UMA student Shana McCarty-Ebler of Colorado Springs, CO shares her creative original project for the Sensorial area of learning. What a hit with the children!

Mystery Pouches

Purpose: To stimulate the child’s sense of touch and to correlate the sense of touch to the sense of sight.


  1. Wooden tray
  2. Wooden bowl holding 10 different natural objects (non-toy) that match the objects that are hidden in the pouches
  3. 10 individual pouches made from muslin which have little windows on one side that stay closed with velcro and that each contain an object which matches one of the objects that are in the wooden bowl
  4. A rug 


  1. When first introducing this exercise, start with just five items. Later, change them out to the other set of five items. And then later, place them all on the tray.
  2. Because the pouches are a white material, and since they will be touched a lot, at the beginning of the exercise: point to the pouches, look down at your hands, say, “I need to wash my hands” or “I need clean hands” and then go wash them. 
  3. When demonstrating, pick up the pouches very ceremoniously (to indicate how to gently handle them)…in other words, discourage the possible temptation to pull the flap. 

Option: Although the pictures indicate the items aligned horizontally, another option is as follows, especially when beginning with only five objects:

  1. Take out each object, name them and place them in a vertical row on left side of rug
  2. Take out each pouch and place them in a vertical row on far right side of rug.
  3. Lift, feel, and name the top object in left row
  4. Starting with the top pouch in right row feel it carefully…continue down the row until you find the match
  5. Lay the match just to the right of the object
  6. Continue in same manner until all have been matched
  7. “Let’s check to be sure” (lift each flap, starting at the top)

What I learned from creating this original project: The sewing took longer than I had anticipated, but I really enjoyed doing this project.  I tried to think of similarly shaped objects that may make it a little more difficult to discern…The varying objects were of differing shapes and sizes, which added an element of interest as well.

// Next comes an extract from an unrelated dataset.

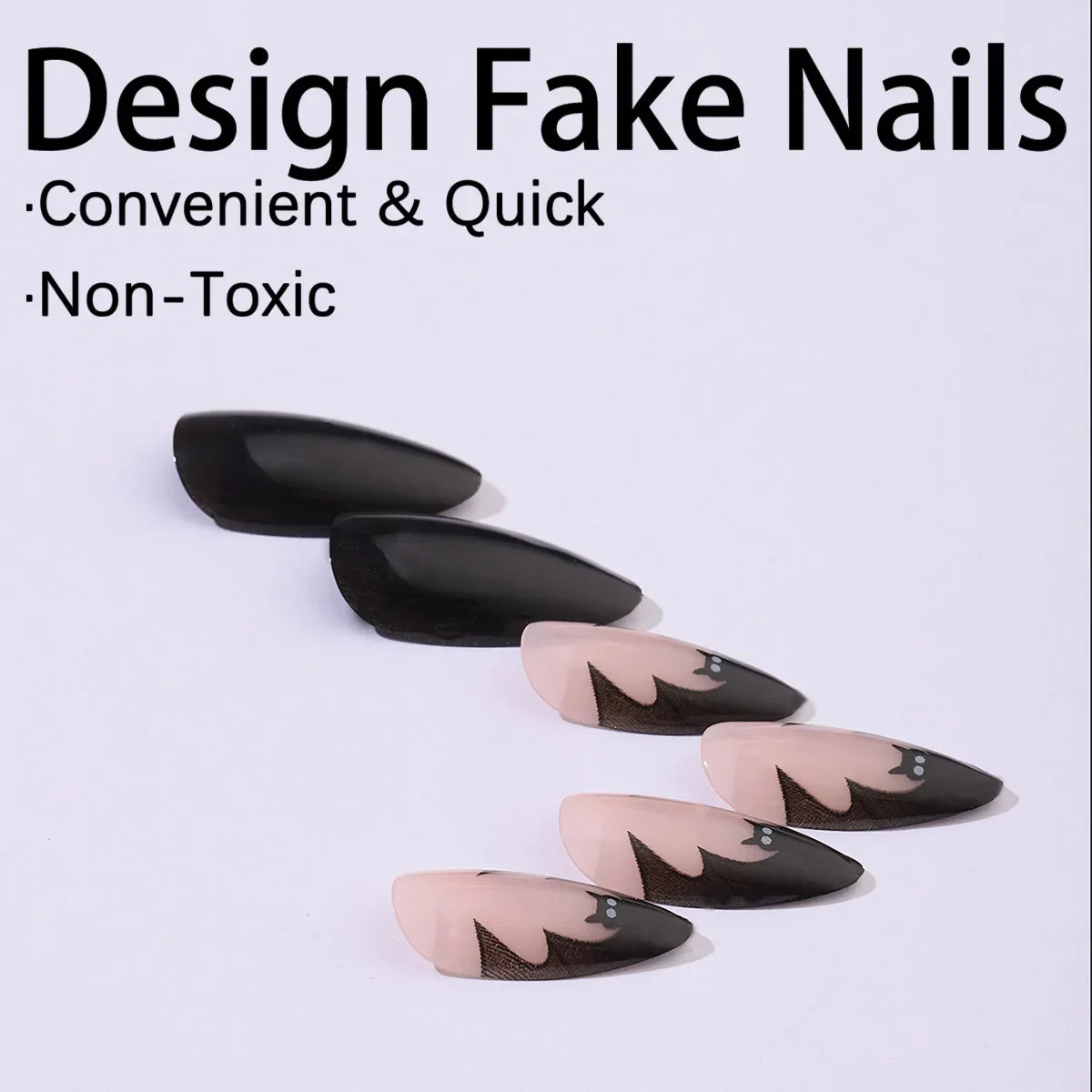 Black Cool Fake Nails Halloween Bat Press on Nails Almond Decorated Nail Tips Rivet Bow False Nails 24pcs Reusable Acrylic Nails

What I learned from my demonstration of this activity: I had learned from my last lesson to remain completely quiet and to focus on the work rather than the child or try to read his face, so that went pretty well this time.  I was very happy that he did this work a couple more times on his own. It made me feel that it was successful.  The coin and the key kind of disappeared in the corner of the pouch and were a little difficult to maneuver into the window area and made me think about using a double-sided scotch tape the leave it centered, but not obscure the “feel” of the object.

What I learned from the child’s response:  His squeal of delight made my day.  I knew that he would enjoy doing this work and I left him completely alone…with his back to me, where I could discreetly see how it was going.  He was completely absorbed.

Very clever. Thank you Shana!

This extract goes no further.